Question

A 0.1 significance level is used for a hypothesis test of the claim that when parents use a particular method of gender​ selection, the proportion of baby girls is less than 0.5. Assume that sample data consists of 78 girls in 169 ​births, so the sample statistic of six thirteenths results in a z score that is 1 standard deviation below 0. -What is the null hypothesis and alternative hypothesis -what is the value of alpha -what is the sampling distribution of the sample statistic? -Is the test two-tailed, left tailed or right tailed? -what is the value of the test statistic? -P-value? -What are the critical values? - What is the area of the critical region? How to solve this with TI-83?

Answer 1

By using the TI-83 calculator we have to solve this question.

Claim:  parents use a particular method of gender selection, the proportion of baby girls is less than 0.5.

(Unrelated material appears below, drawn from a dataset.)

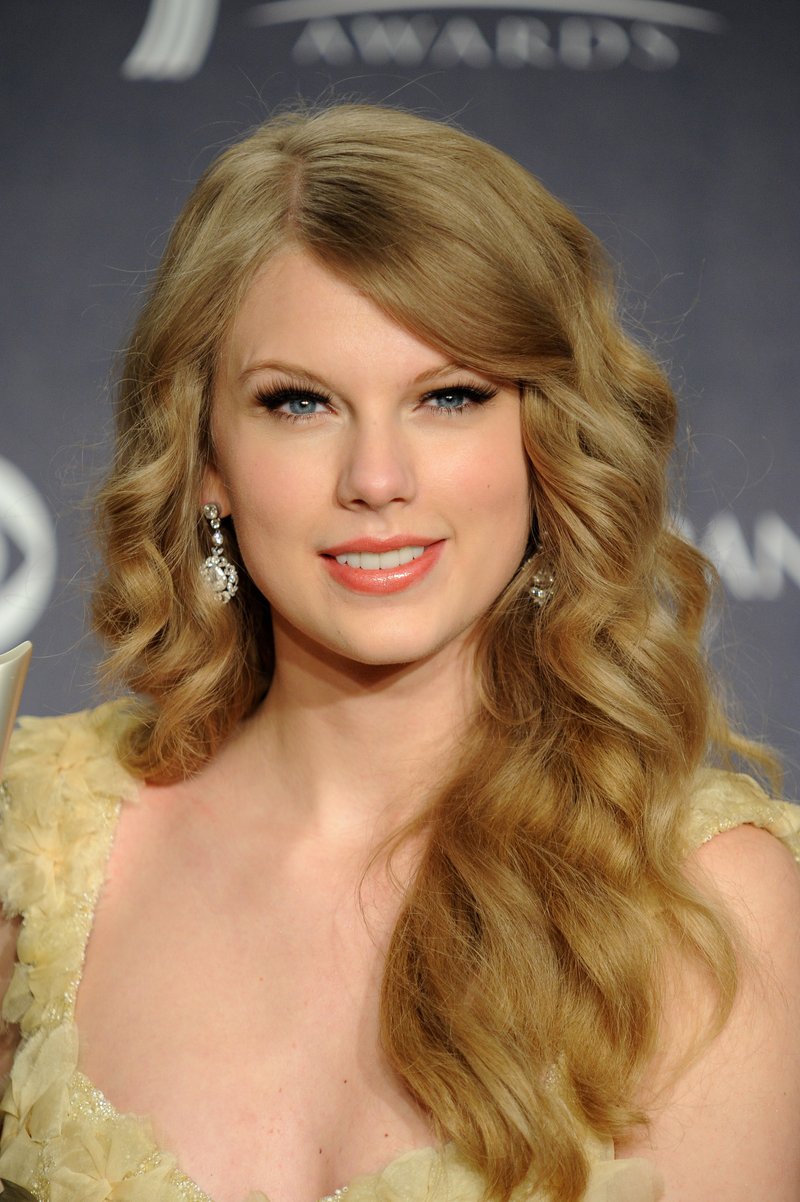 Taylor Swift at 46th Annual Academy Of Country Music Awards — photo 289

The null and alternative hypothesis is

H0: P = 0.5

H1: P < 0.5

Level of significance = 0.1

Our test is left tailed because the alternative hypothesis has less than sign.

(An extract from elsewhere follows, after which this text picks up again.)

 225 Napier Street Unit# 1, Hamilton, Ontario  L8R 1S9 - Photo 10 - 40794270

Ti-83 calculator path is Click on STAT ----->TESTS -------->1-PropZTest ------>Enter values --->

P0: 0.5

x : 78

n: 169

prop: < p0

Calculate

We get

Test statistic z = - 1

P-value = 0.1587

Critical value = 1.28

Test statistic | z | < critical value we fail to reject null hypothesis.

Coclusion:

Parents use a particular method of gender selection, the proportion of baby girls is NOT less than 0.5.